Image-caption web data:
^^^^^^^^^^^^^^^^

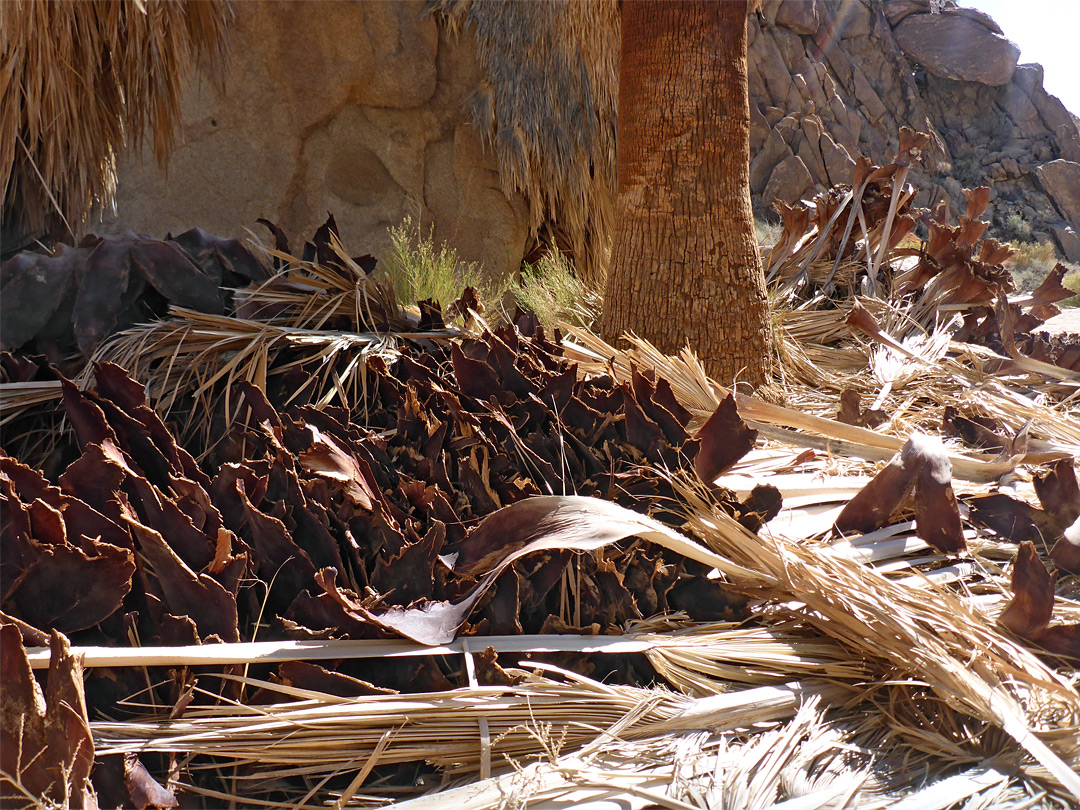 Palm debris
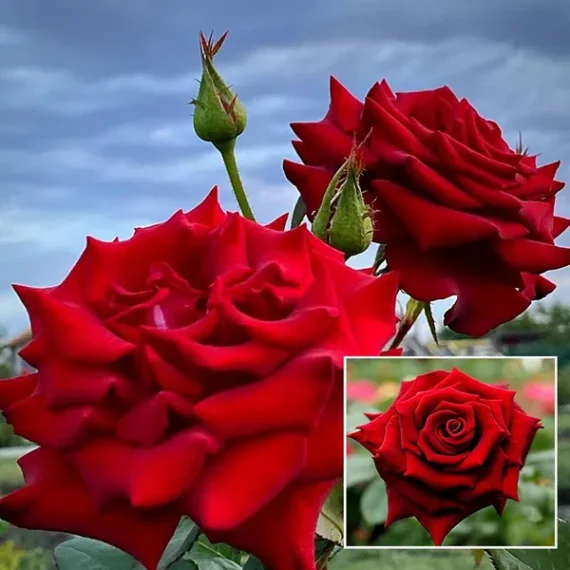 RED KING OF Rose Fragrant Flower Live Plant 1-2 Feet Height)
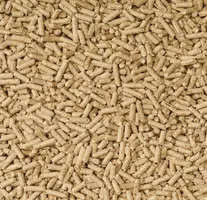 Cat’s Best Nature Gold – Klonterende Eco-Kattenbakvulling 20 L (10 kg) - afbeelding 4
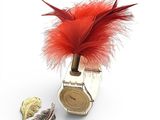a watch with a red feather on it sitting next to a leaf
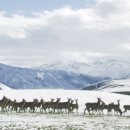 경희허브한의원 이미지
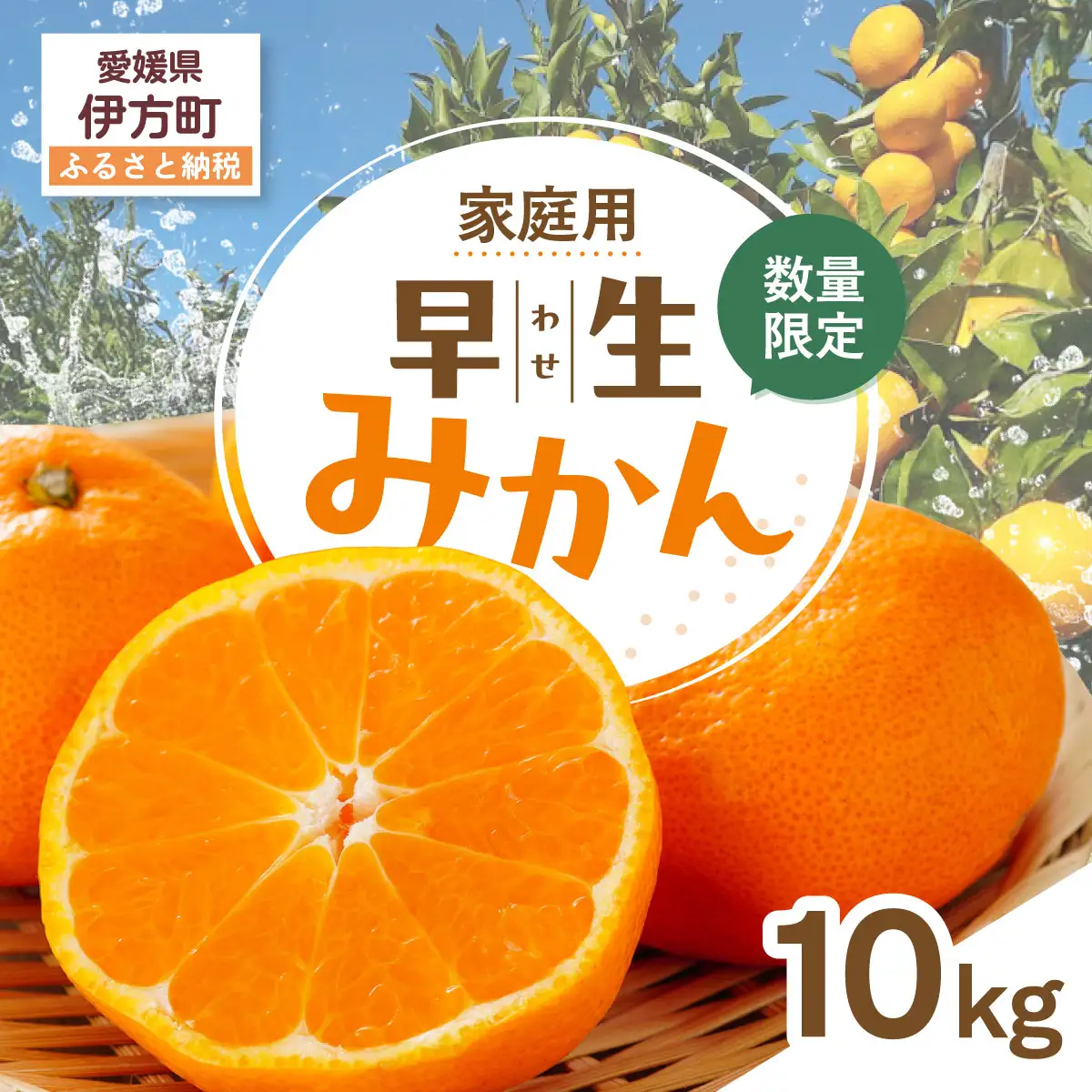 【先行受付】【数量限定】【家庭用】早生みかん（生果）10kg（2026年11月上旬頃より順次発送） IKTQ014
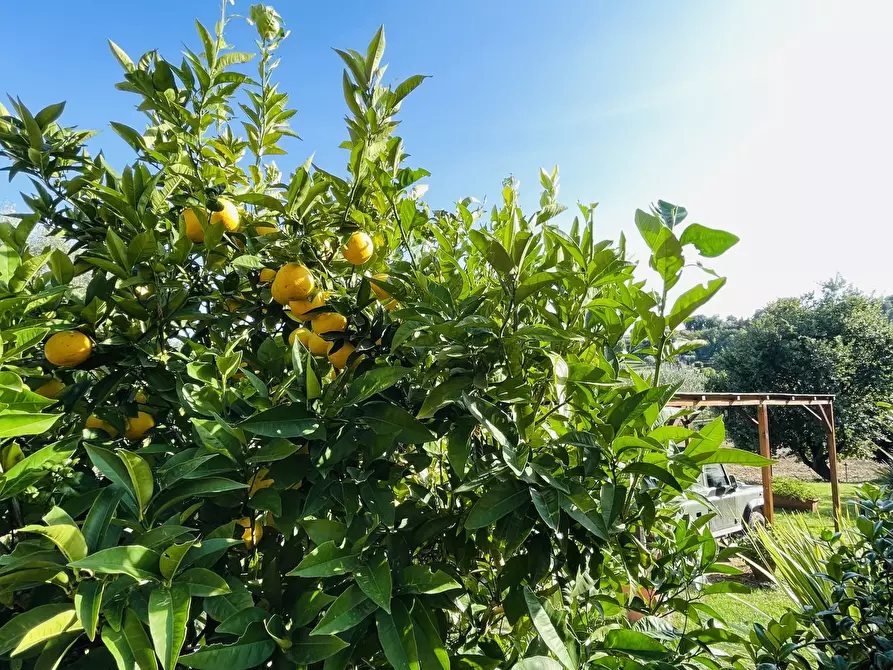 Immagine 20 di Rustico / casale in vendita  in san savino a Montecosaro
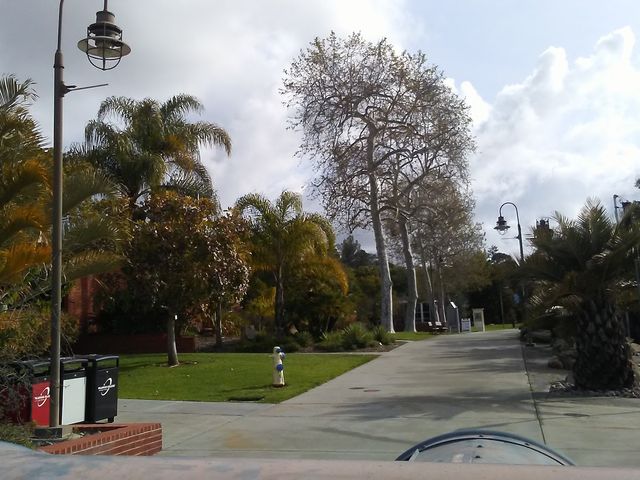 Photo of Palomar College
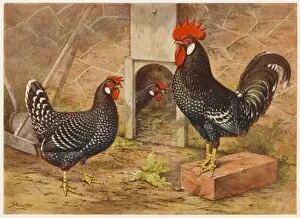 Ancona Cock and Hen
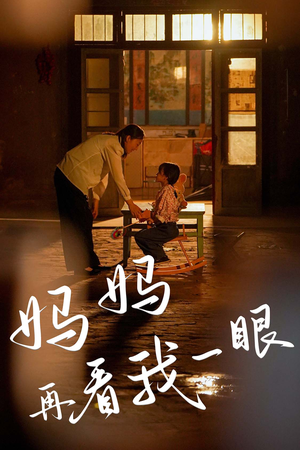 妈妈再看我一眼（32集）短剧在线更新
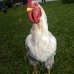 rooster_lt_v_0274_cub1206.jpg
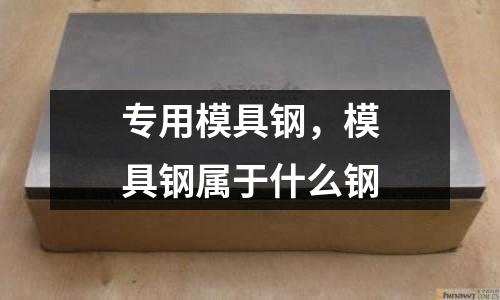 專(zhuān)用模具鋼,模具鋼屬于什么鋼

^^^^^^^^^^^^^^^^

Repeat the records word for word. Leave out whatever pictures they hold.

 Palm debris
 RED KING OF Rose Fragrant Flower Live Plant 1-2 Feet Height)
 Cat’s Best Nature Gold – Klonterende Eco-Kattenbakvulling 20 L (10 kg) - afbeelding 4
a watch with a red feather on it sitting next to a leaf
 경희허브한의원 이미지
 【先行受付】【数量限定】【家庭用】早生みかん（生果）10kg（2026年11月上旬頃より順次発送） IKTQ014
 Immagine 20 di Rustico / casale in vendita  in san savino a Montecosaro
 Photo of Palomar College
 Ancona Cock and Hen
 妈妈再看我一眼（32集）短剧在线更新
 rooster_lt_v_0274_cub1206.jpg
 專(zhuān)用模具鋼,模具鋼屬于什么鋼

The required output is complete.